#### DATA TO PROCESS
= = = = = = =

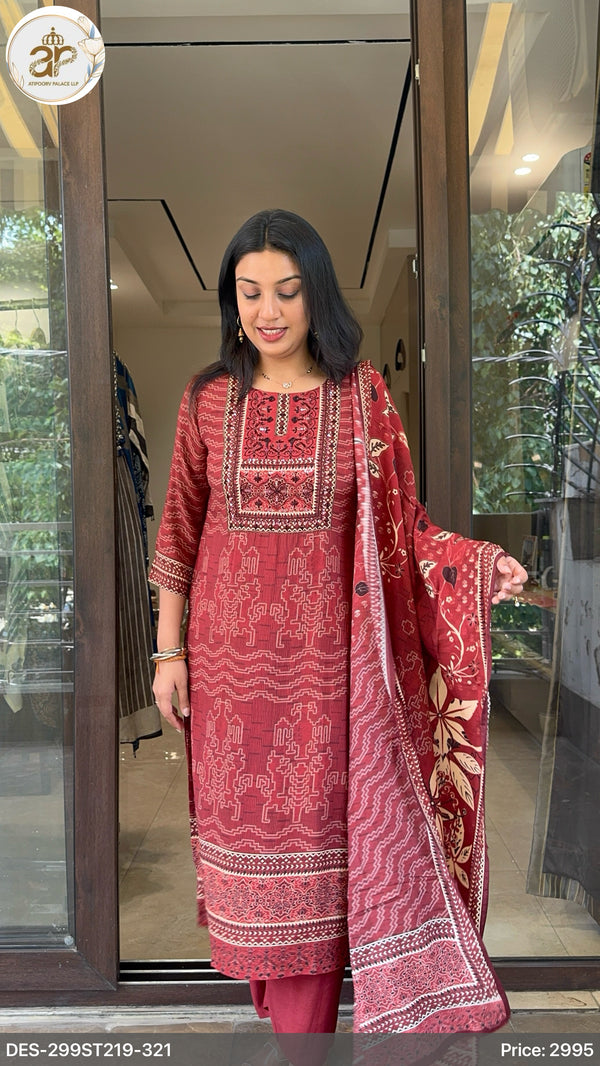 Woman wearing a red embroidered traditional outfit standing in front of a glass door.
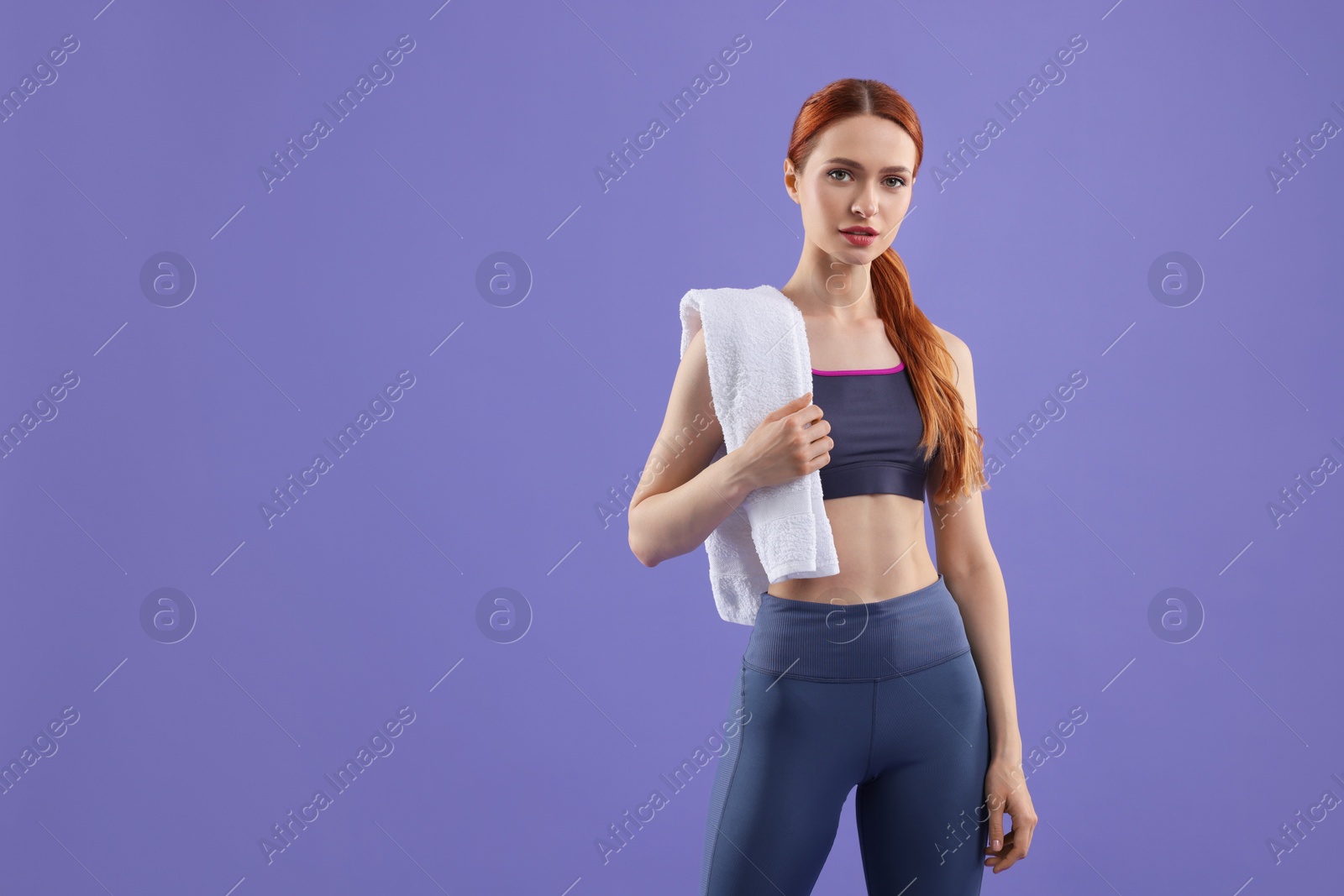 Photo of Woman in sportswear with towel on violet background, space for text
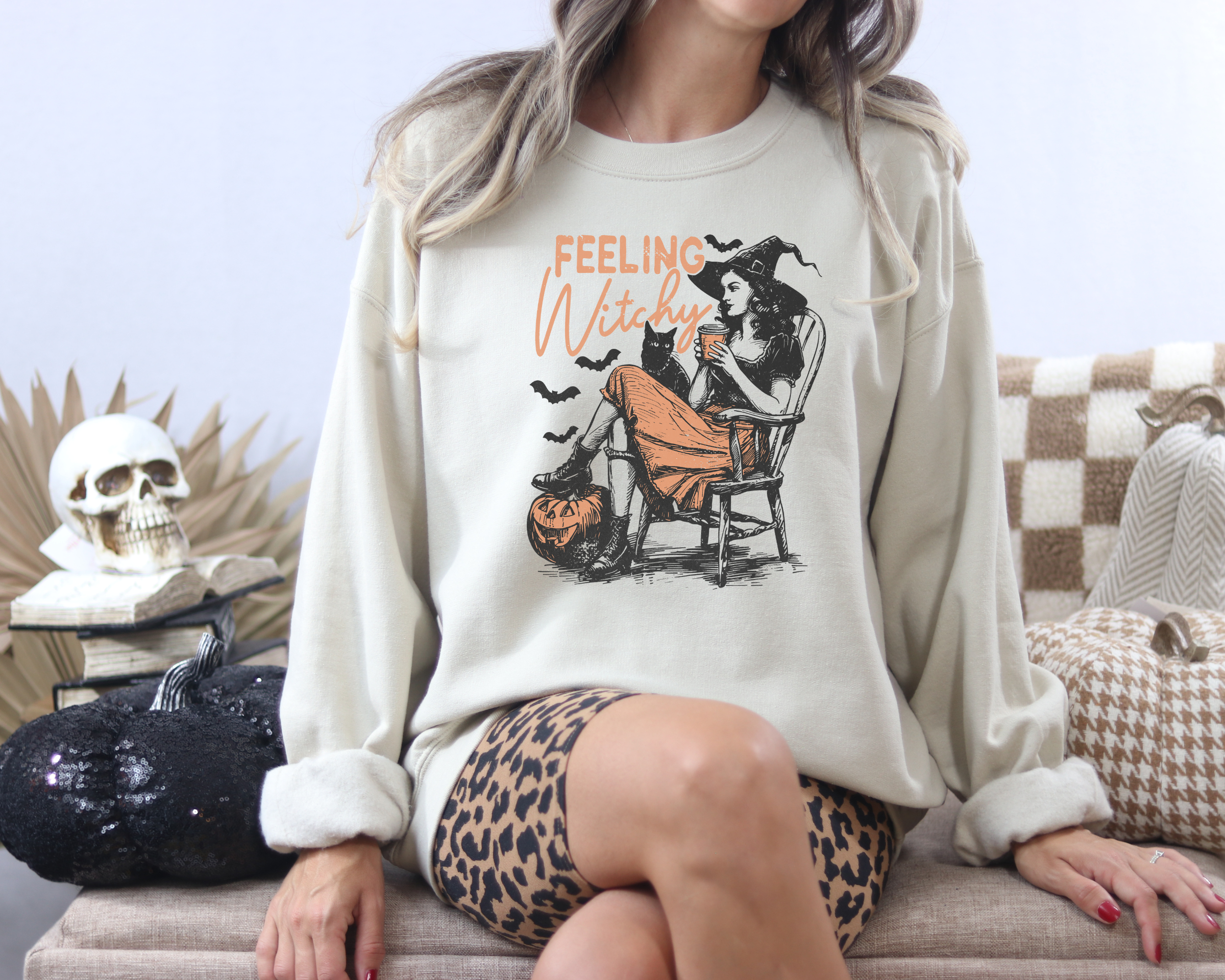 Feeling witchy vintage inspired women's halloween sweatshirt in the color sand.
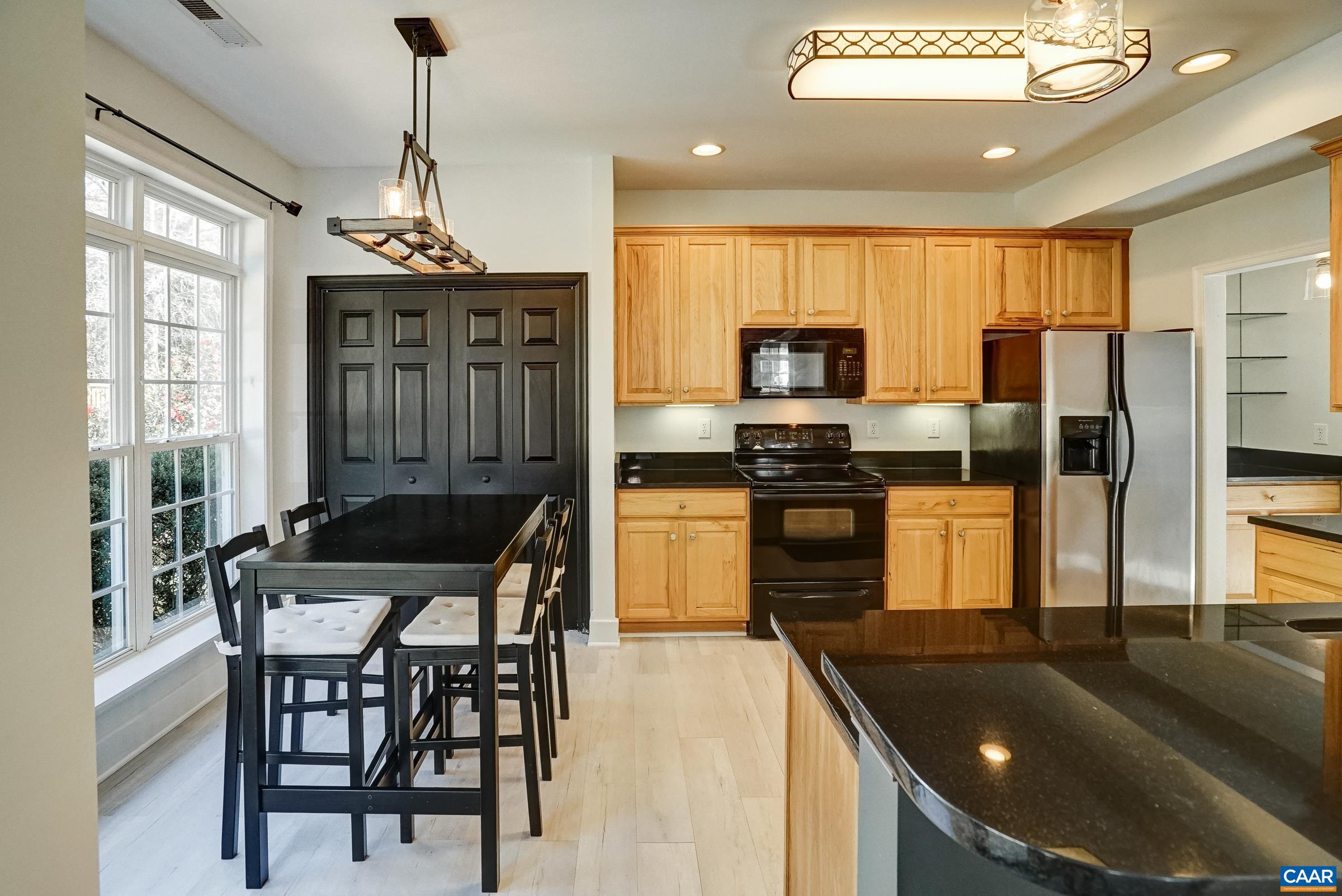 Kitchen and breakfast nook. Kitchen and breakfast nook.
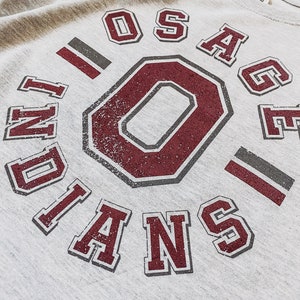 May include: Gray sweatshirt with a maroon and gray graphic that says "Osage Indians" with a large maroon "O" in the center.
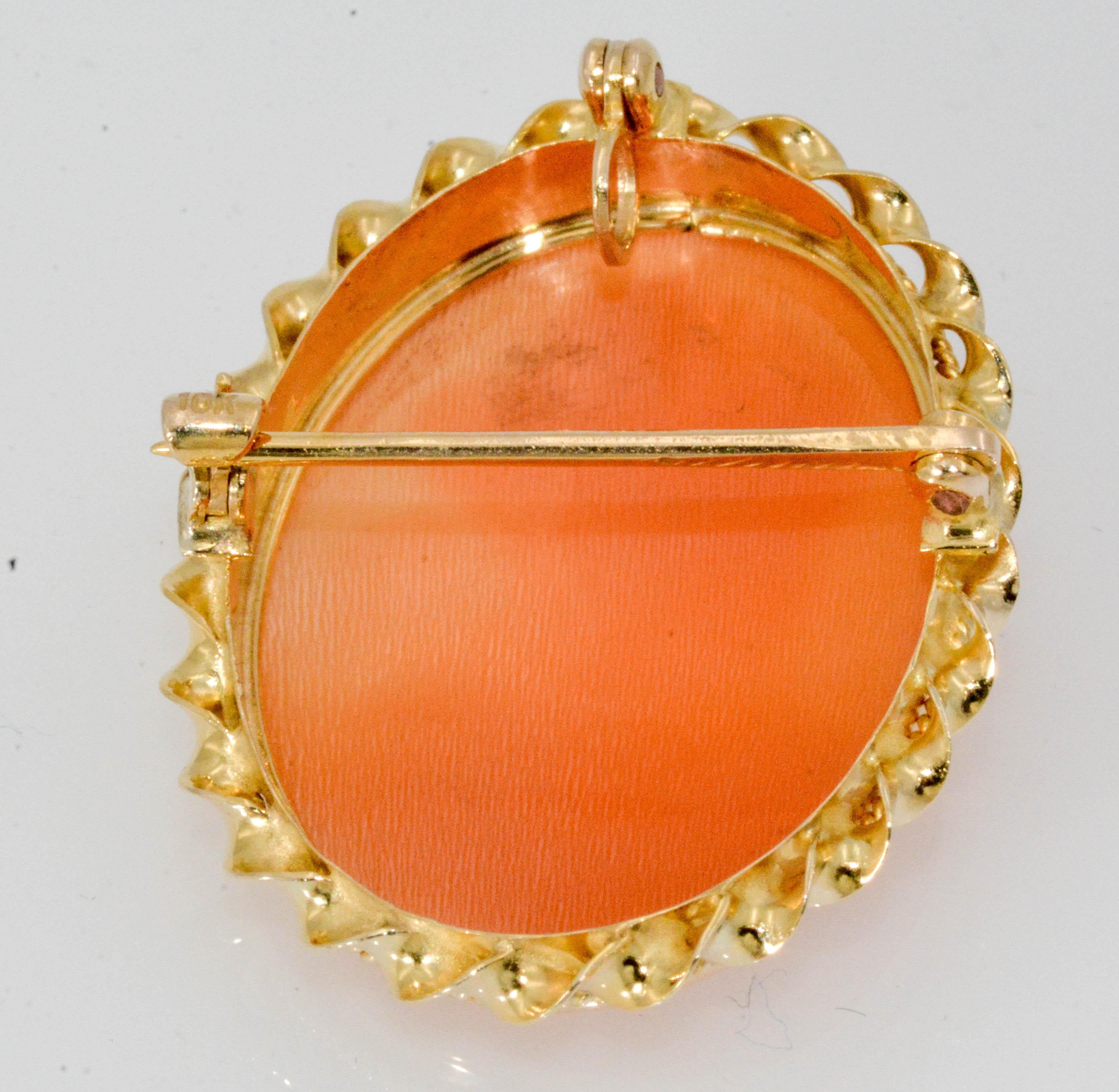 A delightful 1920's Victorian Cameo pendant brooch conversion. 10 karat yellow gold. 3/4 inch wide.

= = = = = = =

#### WHAT THIS TASK INVOLVES
Would you print the material exactly once more, without any of its pictures?

#### SOLUTION TO THE EXERCISE
 Woman wearing a red embroidered traditional outfit standing in front of a glass door.
 Photo of Woman in sportswear with towel on violet background, space for text
 Feeling witchy vintage inspired women's halloween sweatshirt in the color sand.
 Kitchen and breakfast nook. Kitchen and breakfast nook.
 May include: Gray sweatshirt with a maroon and gray graphic that says "Osage Indians" with a large maroon "O" in the center.
 A delightful 1920's Victorian Cameo pendant brooch conversion. 10 karat yellow gold. 3/4 inch wide.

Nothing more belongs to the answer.